They do the work acceptably not perfectly every time. Your management within the aggregate however much they might say they care about other things, they want the work done and they want the product out the door. They want the money to be coming in because that's what businesses do. We can't pretend that those pressures don't exist.

It frustrates the hell out of me when I say accident reports that say there was commercial pressure to get this project done. As in every single project around the world ever, there was not constant pressure to get the job done on time for enough money.

David: Which is why I think there are some things that we can be monitoring in our performance measurement that might give us some insights into the real time nature of risk in our business. It is this combination as if I'm a manager in an organization, it's how efficient can I be, how much can I get for the resources that I put in. For the workers, it's how can I meet the acceptable requirements of my job for the least effort.

Like you said, they're both pressures that push work towards being, in some ways, less and less safe. Yet, we've got these safety margins, we've got what Rasmussen goes on. He talks about defense in depth. He talks about all these different controls to try to protect ourselves now at the late 90s, which means we've got lots of redundant controls that we actually never rely on or we never use. The value of one control doesn't result in immediate consequences to the person like what we're talking about just in that example earlier.

You're also in the situation now in our organizations where the behavior of what someone else does depends on the possible actions of another person. What Rasmussen says is that any system that is designed according to this defense in depth, where you've got these multiple controls in this big safety margin will always systematically degenerate. So there's always going to be this pressure for cost effectiveness, and we'll get this drift and this trade off. It will be a constant effort required to maintain controls, which are not used in the work every single day.

Drew: This bit is pretty important and really overlaps with the Amalberti episode we were talking about last week. When Amalberti was talking about almost totally safe systems, he was talking about systems that are still operating right at that boundary of acceptable performance. The whole idea here is that safety is not about avoiding being at the boundary.

Being at the boundary is inevitable. You are going to be pushed up against the boundary of acceptable performance. The question is, how do you operate once you get there? How much of a buffer is there between the virtual boundary that you're not going to let people go across, and the actual boundary where the risk starts to escalate very quickly, and people are likely to more likely to get hurt?

Your people can be hurt even when you're not at the boundary. People can be hurt even when you imagine a boundary well, but once you get too far beyond the boundary, your risk just goes up exponentially. The question is, how do you manage things at that boundary? How do you stay without going over it? What do you put in place to create awareness that you're there, awareness that you might have just gone over so that you can step back, awareness that locally, the pressure is so much that performance has degraded to an acceptable standard?

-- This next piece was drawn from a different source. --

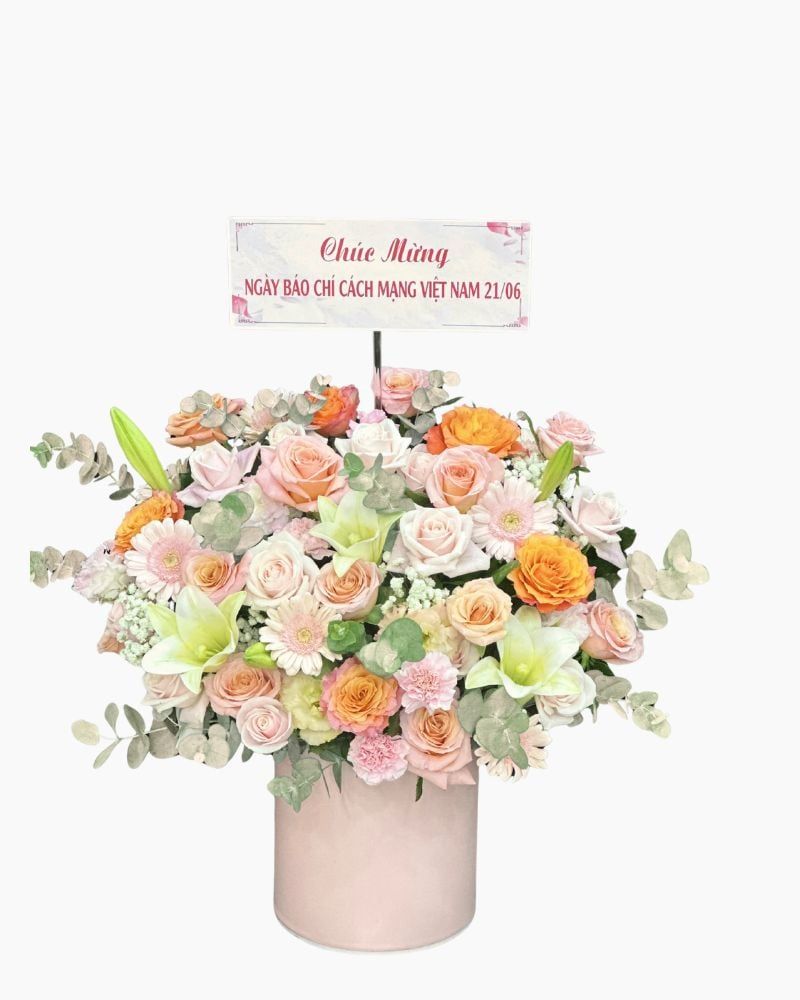  Hộp Hoa Hừng Đông Rực Sáng - Hoa 20/10 - HH55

So many organizations, when they're thinking about measuring safety, they think about it as if we're trending away from that boundary and that numbers are going down, means we're moving away from the boundary. That's not true. Your numbers are going down, you slit the boundaries with everyone else. You're just there with less information.

David: What Rasmussen talks about, just at the end of this section he goes, accidents are caused by events that are initiated by the normal efforts of lots of different people operating in their daily work context and responding to this standing request to get my job done as efficiently as I can. Ultimately, at some point in time, there's a quite normal variation in someone's behavior that releases this accident sequence. If it hadn't been this time with this particular "cause," we think that it would have been avoided because of some new safety measure which we put in place.

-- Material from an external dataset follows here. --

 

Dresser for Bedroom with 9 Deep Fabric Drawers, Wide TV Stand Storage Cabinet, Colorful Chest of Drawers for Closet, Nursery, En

The reality is it'll just be released by another cause at another point in time because he said, we don't have and we need this framework that understands the objectives, the value structures, the subjective preferences governing behavior, the degrees of freedom faced by the individual decision maker, and the interactions of the people involved. That’s sort of saying that's just what this model draws on. These are the things that we need to pay attention to dynamically to understand which system or part of our system the next inevitable accident will occur in.

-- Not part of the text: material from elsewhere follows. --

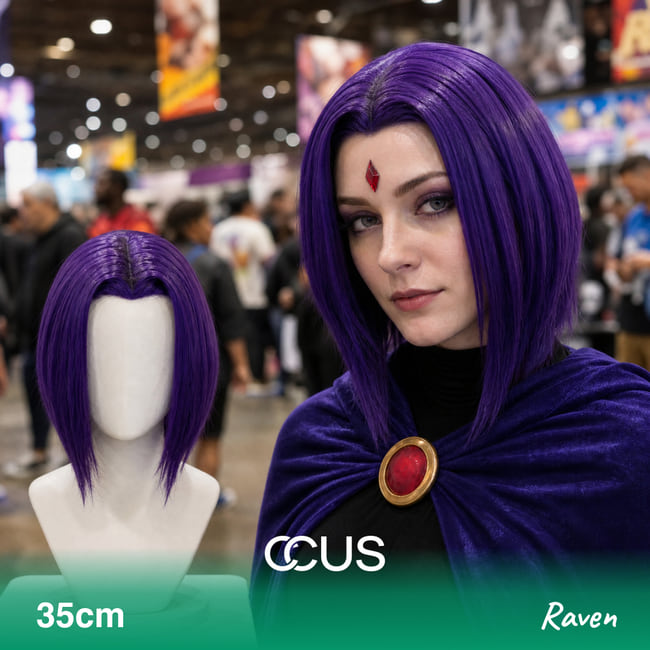 Raven Cosplay Wig - model wearing the wig (AI hero v15)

Drew: We probably should start heading towards some conclusions here. Fortunately, Rasmussen at this point actually starts to give us some direct implications. He starts to fit different approaches to safety into this model he provided. Remember this model is we're being pushed up against the boundary of acceptable performance. What are your strategies for dealing with the not wanting to go across that boundary too far.

One approach he says is, you just increase the margin from where the virtual boundary is to where you've completely lost control. You basically put in a buffer space. That might be something that gives you extra time, it might be something that gives you just more room to make mistakes. 

I think this is where it fits in with Perrow's idea of normal accidents that Perrow is saying accidents happen when we've got really tight coupling, or really high interaction complexity when people can't recognize that they're across the boundary, or they just don't have time to react once they've gone into the dangerous state. So we can just create more of a buffer.

The second thing we can do is create just continual counter pressure. That's where theories like safety culture comes in. Safety culture is about creating a third type of pressure. We've got pressure from management to be more efficient, pressure from workers to be less exhausted, pressure from safety culture to step away from the boundary of acceptable performance. So we can consciously work with trying to build up that pressure.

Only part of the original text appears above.